Snyder’s-Lance owns a number of well known snack food brands like Snyder’s pretzels, Cape Cod potato chips, Pretzel Crisps, Archway cookies and Stella D’Oro processed baked goods, among others. This merger, if approved, will extend the company’s control of the snack food aisle, doubling Snyder’s market share in potato chips and pushing it into fourth place.
Food companies have been trying to keep ahead of consumer demand for healthful, natural foods. This could raise the bar on what people are eating – but only if competition keeps the market dynamic with plenty of true options for consumers, a goal often at odds with food company mergers.
Diamond has prioritized adding certified non-GMO labels across all its brands, a decision it says has gone well so far. With this acquisition, Snyder’s-Lance is capitalizing on consumer demand by bringing these brands under its umbrella. But will the innovation started by Diamond continue under its new parent company?

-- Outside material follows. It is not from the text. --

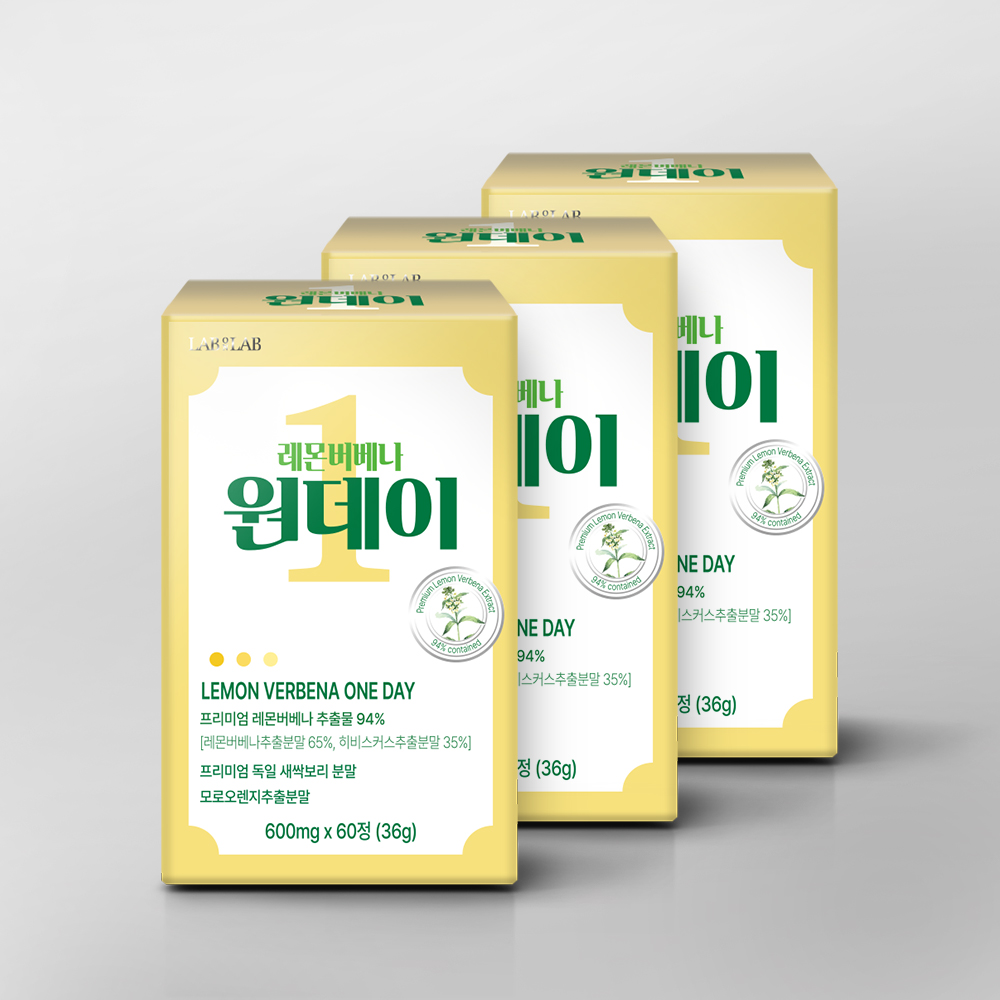 랩온랩 레몬버베나 원데이 600mg 60정, 3개 - 상품 이미지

CNBC has already stated that this merger makes the company better suited for further acquisitions by even bigger companies, such as Mondelez and PepsiCo.
In today’s Foodopoly, big companies have too much market share and therefore power in deciding what we eat, most of the time without consumers even knowing it. The largest companies own brands found in multiple sections of the store, under many different brand names, with no clear link to the parent company. This is especially damaging to consumers who try to choose independent brands. There are fewer and fewer choices, and there is less room in the market for smaller brands to compete.
Hyper-consolidation throughout the American economy is contributing to sharply-rising economic inequality. Mergers may help larger, more powerful companies earn up to 10 times more than typical firms, according to a recent study. As the consolidated companies (and executives and investors) earn more, the gulf between them and everyone else gets wider. This seems pretty obvious—bigger companies keep more of the pie for themselves. This mirrors a 2010 Food & Water Watch study that found that consolidation in the pork processing industry was sapping economic vitality and increasing economic inequality in rural Iowa counties.
This week, a New York Times editorial highlighted the damage consolidation and merger-mania inflict on the economy. Mergers are eliminating competition and raising prices throughout industries including airlines, health care, retail, communications and food. Bigger companies can raise prices, and since consumers have fewer alternatives, we pretty much have to pay more. The Times also put its finger on the culprits: Federal antitrust authorities have approved so many mergers that now only a few large firms control swaths of the economy.
This latest merger shows, once again, that we simply cannot “shop our way out of it”— we need to demand that regulators actively prevent the hyper-consolidation of the food industry.